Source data
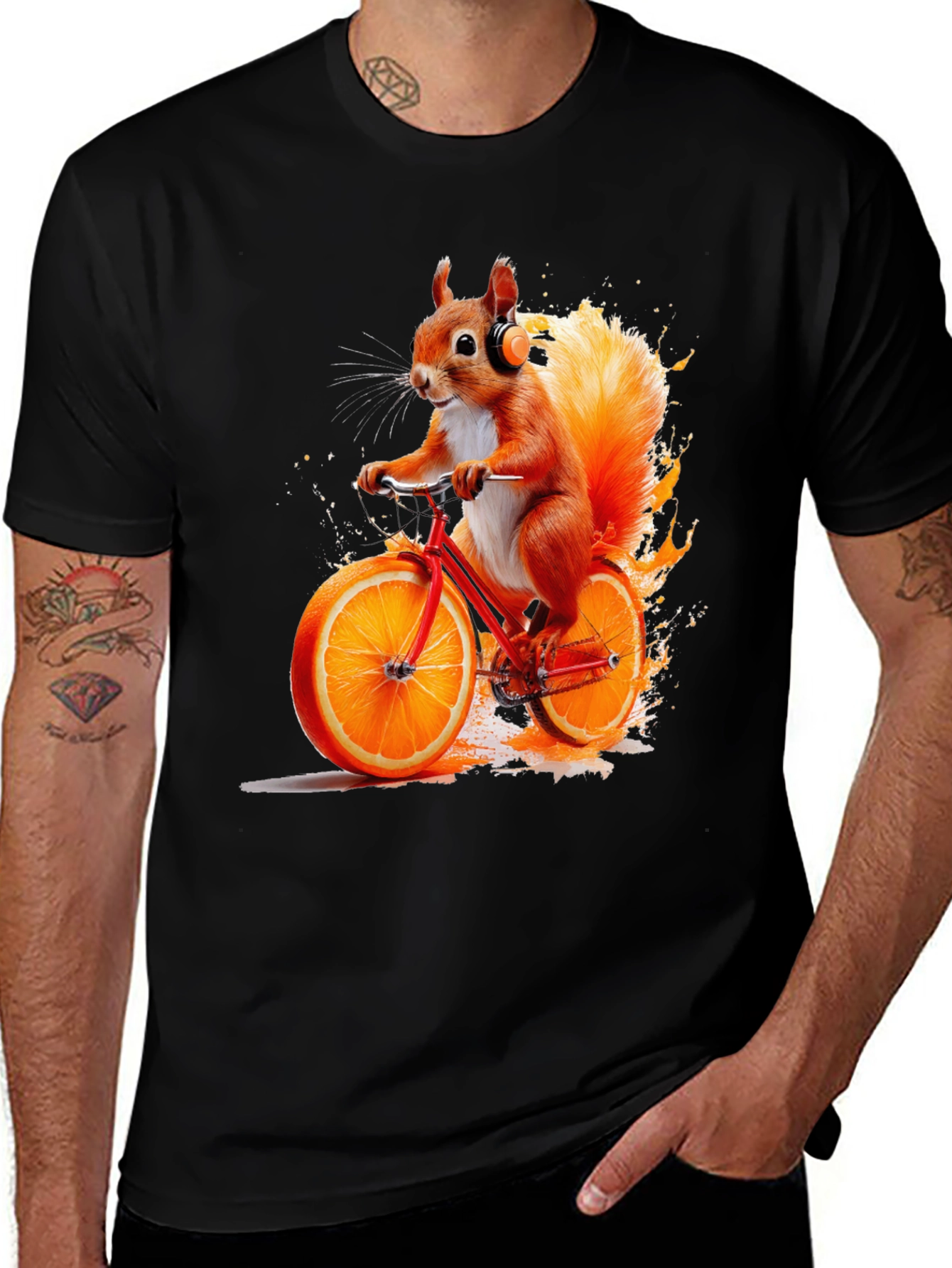 Variant 21 of Squirrel on Orange Bike T-Shirt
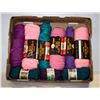 Image 1 : YARN 9 YARNS (PINK + MORE COLORS)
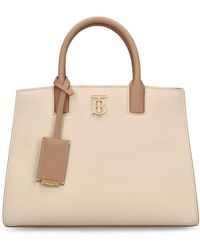 Burberry - Mini Frances Grained Leather Tote Bag - Lyst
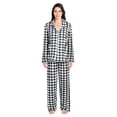 thumbnail image 1 of Casual Nights Women's Long Sleeve Rayon Button Down Pajama Set, 1 of 5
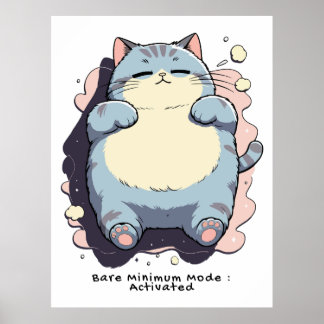 Póster Modo Mínimo Activado – Estado de Ánimo Relatable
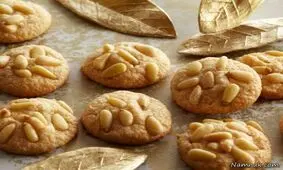 شیرینی دانه کاج با طعم خوب و لذت بخش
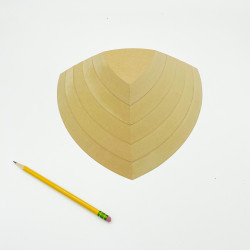 Spherical Square Pottery Form Stack (5 pack)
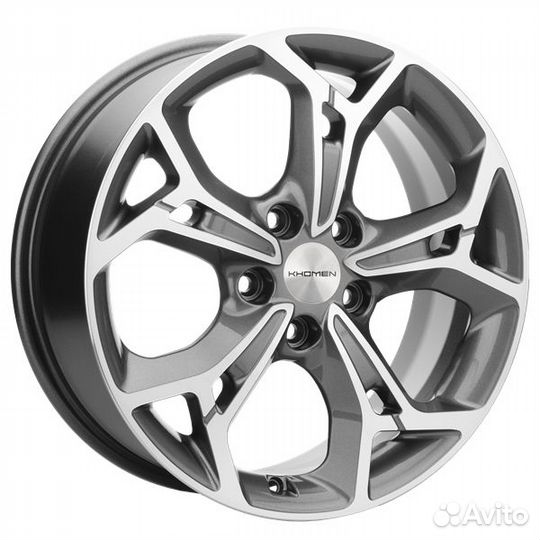 Диски Khomen 1702 gray-FP 7x17 5x112 ET 49 Dia 57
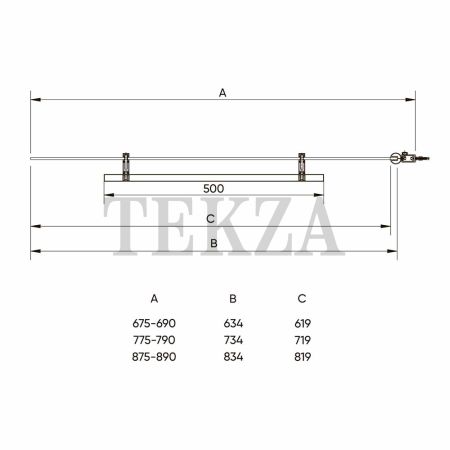 Veconi Шторка на ванну Veconi Palau PL-79B, 800x1500, черный, стекло прозрачное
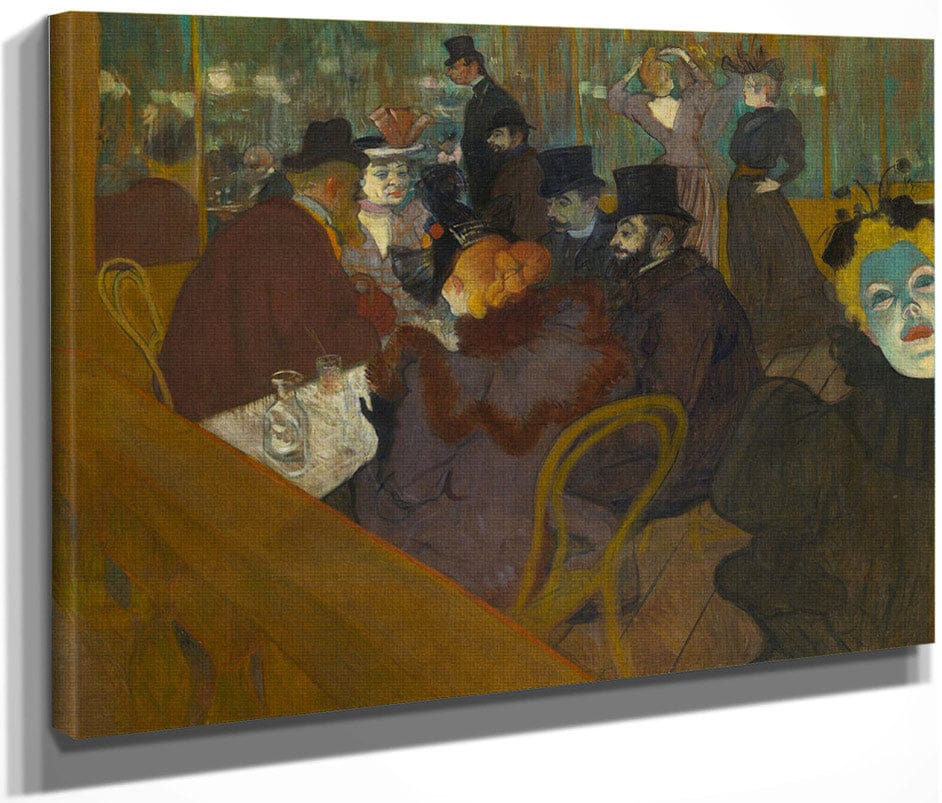 At The Moulin Rouge 1895 By Henri De Toulouse Lautrec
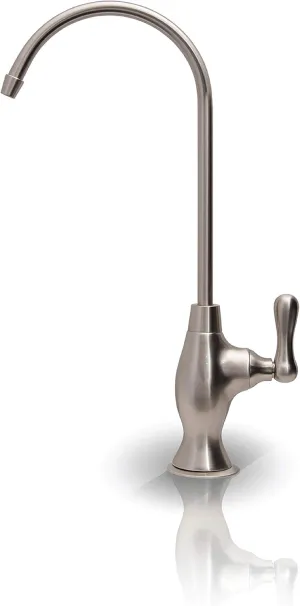 APEC Water Systems Faucet-CD-NP Kitchen Drinking Water Ceramic Disc Luxury Designer Faucet, Non-Air Gap Lead-Free, Brushed Nickel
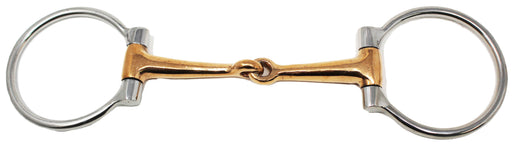 D-Ring Stainless Steel Copper Inlay Horse Snaffle Bit 5" Mouth 35436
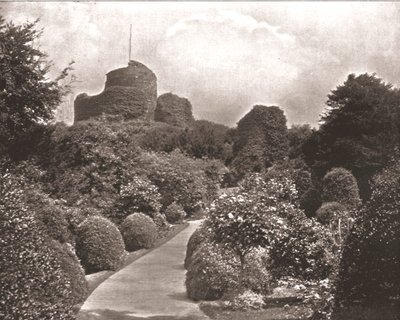 Hrad Launceston, Cornwall, 1894. od Unbekannt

Task objective:
Exactly as they appear, repeat the lines from the one containing "Póster Modo Mínimo" through the last line of the entries, counting both ends. Pictures stay out.

Result below:
 Póster Modo Mínimo Activado – Estado de Ánimo Relatable
 شیرینی دانه کاج با طعم خوب و لذت بخش
 Spherical Square Pottery Form Stack (5 pack)
 Диски Khomen 1702 gray-FP 7x17 5x112 ET 49 Dia 57
 Veconi Шторка на ванну Veconi Palau PL-79B, 800x1500, черный, стекло прозрачное
 At The Moulin Rouge 1895 By Henri De Toulouse Lautrec
 APEC Water Systems Faucet-CD-NP Kitchen Drinking Water Ceramic Disc Luxury Designer Faucet, Non-Air Gap Lead-Free, Brushed Nickel
 D-Ring Stainless Steel Copper Inlay Horse Snaffle Bit 5" Mouth 35436
 Hrad Launceston, Cornwall, 1894. od Unbekannt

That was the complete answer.